Disillusioned by the party, after 1956, Boico no longer participated in political activities, concentrating instead on her work in history and science. In the 1960s, she began working as the editor of the Scientific Publishing House and later taught courses on Marxism at the Politehnica University of Bucharest. Publishing a few book introductions and journal articles, she increasingly found herself at odds with the regime of Nicolae Ceaușescu. By the 1970s, she considered Ceausescu's regime to be "fascist" as she was disgusted by the anti-intellecualism of the Ceausescu regime.

The American scholar Brett Bowles noted that the crucial role played by women in the Resistance has tended to be overlooked, giving the example of the 1985 French documentary Des terroristes à la retraite (Terrorists in Retirement) by Mosco Boucault about the FTP-MOI. Bowles noted that in the film, there was almost no mention of the women who served in the FTP-MOI and Boico, despite her key role as the FTP-MOI intelligence chief, was mentioned only once in passing.
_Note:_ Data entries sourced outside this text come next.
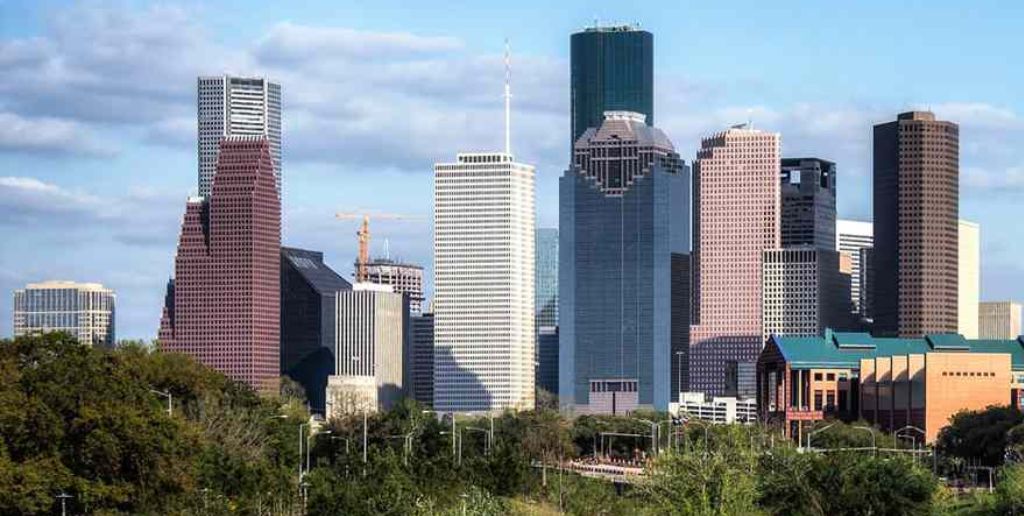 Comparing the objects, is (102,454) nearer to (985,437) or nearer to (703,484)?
(703,484)

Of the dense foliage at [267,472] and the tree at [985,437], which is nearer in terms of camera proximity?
the dense foliage at [267,472]

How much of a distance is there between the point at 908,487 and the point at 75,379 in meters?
38.9

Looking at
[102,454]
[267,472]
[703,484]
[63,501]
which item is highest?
[102,454]

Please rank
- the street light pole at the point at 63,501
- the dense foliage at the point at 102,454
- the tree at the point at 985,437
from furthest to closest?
the tree at the point at 985,437, the dense foliage at the point at 102,454, the street light pole at the point at 63,501

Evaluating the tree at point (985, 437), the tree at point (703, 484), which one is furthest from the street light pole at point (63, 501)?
the tree at point (985, 437)

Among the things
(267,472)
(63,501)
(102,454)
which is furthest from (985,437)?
(63,501)

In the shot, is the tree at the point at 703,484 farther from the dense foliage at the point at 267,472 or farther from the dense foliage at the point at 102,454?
the dense foliage at the point at 102,454

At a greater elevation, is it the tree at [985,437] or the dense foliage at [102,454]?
the dense foliage at [102,454]

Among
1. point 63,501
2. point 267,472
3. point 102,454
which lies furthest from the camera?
point 267,472

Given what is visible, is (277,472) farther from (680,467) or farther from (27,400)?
(680,467)

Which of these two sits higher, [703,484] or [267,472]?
[703,484]

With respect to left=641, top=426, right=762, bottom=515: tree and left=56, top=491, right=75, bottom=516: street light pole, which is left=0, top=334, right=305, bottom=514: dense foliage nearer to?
left=56, top=491, right=75, bottom=516: street light pole

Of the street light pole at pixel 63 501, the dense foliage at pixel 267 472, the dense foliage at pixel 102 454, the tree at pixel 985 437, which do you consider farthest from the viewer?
the tree at pixel 985 437

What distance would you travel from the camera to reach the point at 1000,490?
108 meters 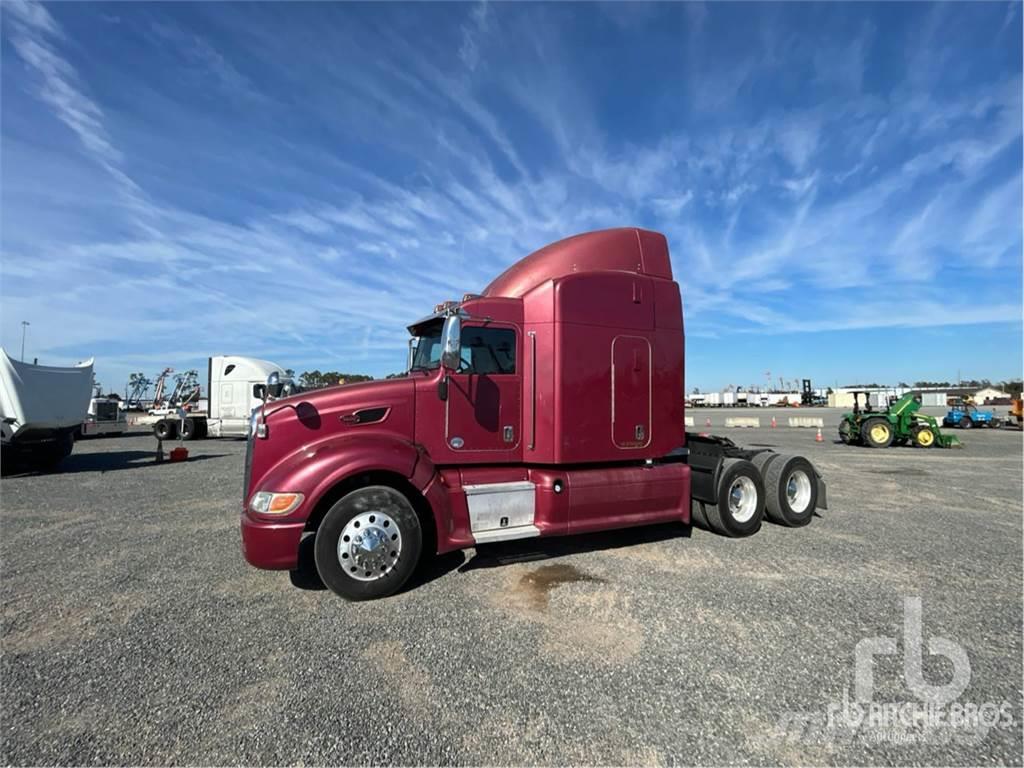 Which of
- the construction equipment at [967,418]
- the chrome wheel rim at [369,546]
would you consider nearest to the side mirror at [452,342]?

Buico was not interviewed for Des terroristes à la retraite; indeed the only woman interviewed in the film was Mélinée Manouchian and the interviews with her the focus was mostly on being the wife of Missak Manouchian instead of her role as a résistante.

In 1987, she left Romania to visit her children in Paris and chose not to return. She began publishing again in France and wrote such works as Les Hommes qui ont porté Ceaușescu au pouvoir, which has been called by Vladimir Tismăneanu "the most comprehensive and illuminating analysis" of the rise of Ceaușescu and Gheorghe Gheorghiu-Dej to the leadership of the Romanian Communist Party. Her major concern in the last years of her life was writing about the Holocaust in Romania and to rebut the attempts, which had started under the Ceaușescu regime in the 1970s, to portray Antonescu as a well meaning, but misguided Romanian patriot who was opposed to the Holocaust. She often advised the Holocaust Memorial Museum in Washington D.C about the subject. At the time of her death she was writing a memoir entitled Histoire d’une famille au XXème siècle Souvenirs et réflexions.

==Death and legacy==
Boico died on 17 August 2002 in Paris. In 2009, the French novelist Didier Daeninckx published a novel Missak, where Luca Boico is mentioned several times as the book's hero, the journalist Dragère, seeks in 1955 to find out who betrayed Manouchian. In 2014, a French miniseries, Résistance, was released about the young people involved in the French Resistance during the war. One of the characters in the series was based on Boico's experiences and was played by Romanian actress Cristina Flutur.